The thinking behind the model is well supported by experience in established padel markets such as Spain, Sweden, and the UAE, where operators have built suceesful businesses by creating destinations — places where the court is the anchor but the broader experience is the draw. The CR&FC development is conceived along those lines, bringing sport, wellness, and community into a single, coherent offering.

Network depth and geographic reach

The infrastructure build-out extends across multiple locations. Playing surfaces at the company’s Claessen Place courts are being fully upgraded this year, and a third Colombo site is in the planning stages, with an opening expected later this year. A new court in Ahangama is scheduled to open in May, representing the company’s first move into the southern coastal market. Further expansion to locations across Sri Lanka are at an advanced stage.

Underpinning the network is a proprietary mobile application that serves as the primary booking and management platform across all locations. Built to scale with the business, the platform is designed to onboard new sites and will evolve over time to include player engagement, rankings and performance features — reflecting the company’s view that the long-term opportunity in padel extends well beyond court rental.

Private court installations

Beyond its commercial operations, Padel House has also established a complementary business designing and building private padel courts at homes and villas. Drawing on the company’s expertise in court construction and design, the offering has found a niche market within Sri Lanka’s premium residential segment, adding a further revenue stream while extending the sport’s footprint beyond commercial venues.

Strategic rationale

Padel House co-founder Shamal Perera outlined the thinking behind the new partnerships:

“From the outset, the goal was to introduce padel to Sri Lanka and build a strong community around the sport. What we’ve seen over the past two years has been encouraging; rapid adoption and a growing player base across all segments. Bringing in partners like Mahela and Trade Promoters Ltd reflects a shared vision for where this sport is headed. This new phase is about scaling what we’ve built, expanding access, and taking padel to the next level across the country.”
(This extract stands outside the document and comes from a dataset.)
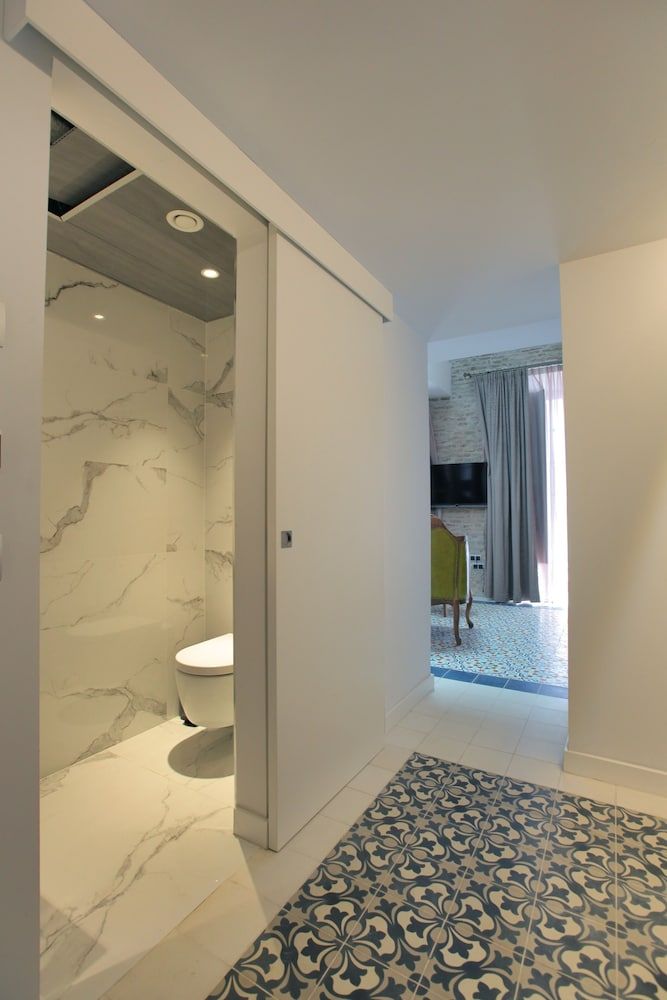 Suite, Hot Tub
Mahela Jayawardene, commenting on his entry into the business, noted:

“Padel is one of the most accessible and enjoyable sports I’ve come across. It’s easy to pick up, highly social, and provides a great workout at the same time. What Padel House has built over a short period is impressive, not just in terms of infrastructure, but in the strength of the community around the sport. I’m excited to be part of this journey and to support its growth across Sri Lanka.”

Market context

Padel has been among the most closely watched developments in global sport over the past decade. Originating in Latin America and gaining its strongest commercial foothold in Spain, the sport has since expanded rapidly across Europe and the Gulf, attracting significant private investment, professional league structures, and growing attention from international sports bodies regarding its Olympic potential. At its core, padel is a deeply social sport; one that is genuinely easy to pick up, naturally inclusive, and built around the kind of shared experience that tends to create strong, self-sustaining communities. It is these qualities, as much as the sport itself, that have driven its remarkable global growth.

In Sri Lanka, Padel House has spent two years cultivating precisely that kind of community. With a broadening court network, a growing base of committed players, and now the backing of investors who bring both sporting credibility and commercial reach, the company is well placed to shape the next chapter of the sport’s development in Sri Lanka.